Pour les capitalistes, c’est le jackpot permanent. Publiée ce matin,
la dernière étude de la société de gestion de fonds Janus Henderson
Investors établit le montant des dividendes versés aux actionnaires à
513,8 milliards de dollars, un nouveau record historique. Petite
précision : ce montant ne concerne que le deuxième trimestre de l’année
2019.
Bien sûr, certains s’en réjouissent, en premier lieu les
économistes libéraux qui y voient la bonne santé des marchés financiers.
C’est oublier deux choses : la diminution de la croissance mondiale,
sur ce même trimestre, a été la plus forte depuis des années. L’état des
places financières ne reflète donc en rien celui de l’économie réelle.

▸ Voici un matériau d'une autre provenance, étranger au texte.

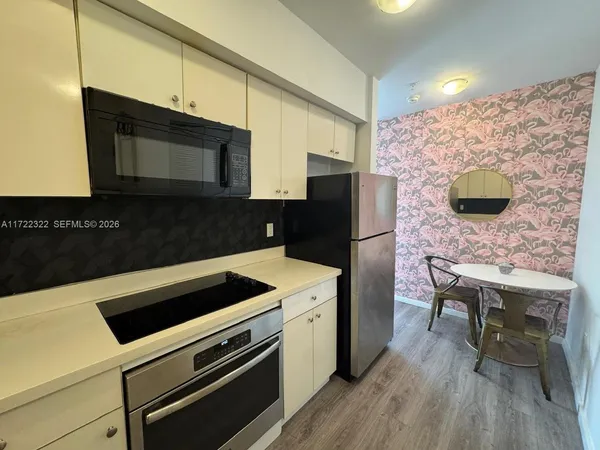 $215,000 | 810 7th Street, Unit 207, Miami Beach, FL 33139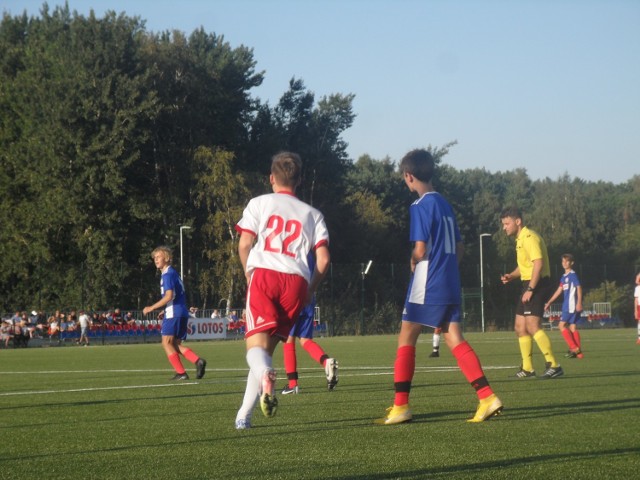 W sobotę (15 sierpnia) w Ustce odbył się mecz ligi wojewódzkiej juniorów z rocznika 2007  - Jantar Ustka vs Lotos Gdańsk. Spotkanie zakończyło się przegraną Jantara 2:6. Zobaczcie fotorelację!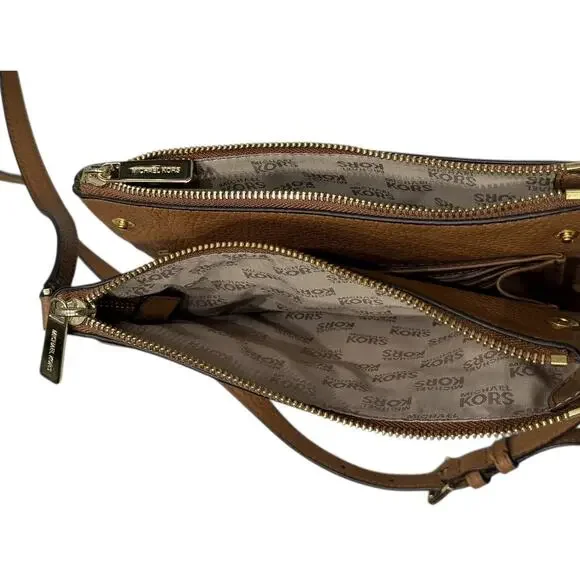 Michael Kors Fulton Double Zip Crossbody Pebble Leather Brown W/ Gold Hardware - Picture 10 of 12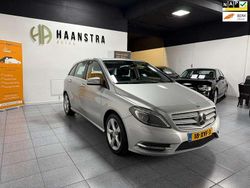 Grijs Gebruikt 2012 Mercedes B180 Ambition MPV | € 11.950 (Eerlijke prijs)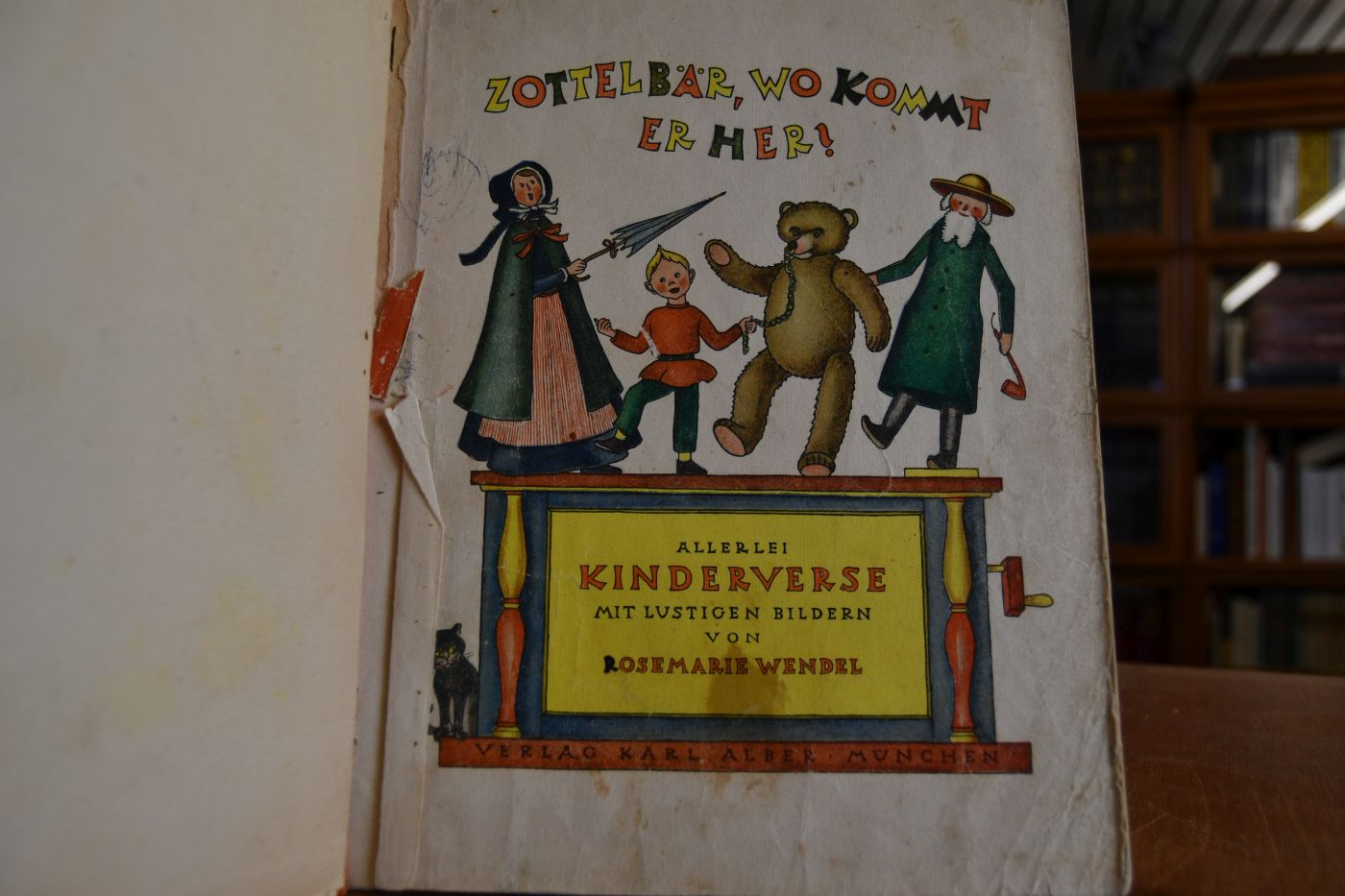 Zottelbär, wo kommt er her? Allerlei Kinderverse mit lustigen Bildern.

Plus dangereux encore : la spéculation à tout bout de champ, qui atteint
désormais un niveau supérieur à 2007, fait craindre aux analystes un
nouveau krach boursier.
Le monde des banque et assurances
privées avait massivement spéculé sur des fonds non garantis et échangé
des produits toxiques ; c’est ainsi qu’est survenue la crise des
subprimes, qui a plongé le monde dans la récession. Les pertes
colossales des banques avaient été payées par les États ; ils ont opéré
un transfert de la dette des banques vers la dette publique, devenue
gigantesque, prétexte supplémentaire pour baisser la dépense publique,
c’est-à-dire démanteler les services publics et l’investissement
national. Aujourd’hui, si une nouvelle banqueroute venait à arriver, les
compagnies privées seraient sans doute à nouveau « sauvées » par ces
mêmes États, mais cette fois au prix des larmes et du sang de leurs
peuples : la Grèce partout. Prenez bien garde à ceux qui voudront payer
les pots cassés – le mot est faible – de la finance avec l’argent public
; vous verrez à coup sûr Macron jouer le secouriste, mais ce ne sera
pas pour le bien des travailleurs.
Les dividendes sont censés
rémunérer le « risque ». Les boursicoteurs prendraient les plus grands
risques du monde entier, pour financer l’économie dans une veine
philanthropique ; en réalité, ils sont archi-assurés de récupérer leur
mise, quand ils ne gagnent pas dix ou cent fois leur mise. Quant à leurs
risques, sont-ils plus importants que ceux que prennent les
travailleurs, dont 2,78 millions sont morts à la tâche en 2016 selon
l’Organisation internationale du Travail (OIT) ? Ce chiffre-là aussi est
en très forte hausse, et signifie que toutes les trois secondes un
employé meurt au travail.
Si les dividendes atteignent des
montants phénoménaux, ils ne sont encore que la partie émergée de
l’iceberg. Certes, 513,8 milliards de dollars en un trimestre, ce n’est
pas rien ; si cette opération se répète quatre fois par an, les
dividendes mondiaux approchent du PIB total de la France. Mais la grande
bourgeoisie financière est à la fois gagnante sur ses revenus, les
dividendes, et gagnante sur son patrimoine, le capital. Ce dernier lui
confère le pouvoir suprême, le pouvoir ultime de financement, de
production et d’échange ; elle est la classe dominante du capitalisme,
bien devant les chefs d’États et de gouvernements, qui ne sont que de
vulgaires encadrants. Cette grande bourgeoisie a un nom, elle a un
visage, et elle s’affiche chaque année en tête des classements Forbes et
Challenges. Si vous vouliez connaître l’authentique responsable du
chômage de masse, de la misère, de l’exploitation, de la destruction de
la planète et des guerres impérialistes, la voici.
La France
n’est pas en reste : elle est « de loin le plus grand payeur de
dividendes en Europe », selon Janus Henderson, en hausse de 3,3% sur un
an. Alors que toute l’industrie française, de l’alimentaire aux
services, est progressivement démantelée et transférée vers des pays à
bas coûts, les dividendes tricolores ont atteint 51 milliards de dollars
sur ces trois mois. Pour la classe capitaliste, ce sont de nouvelles
Années folles, où l’oisiveté et l’insouciance priment, loin des classes
populaires et de leur descente aux enfers.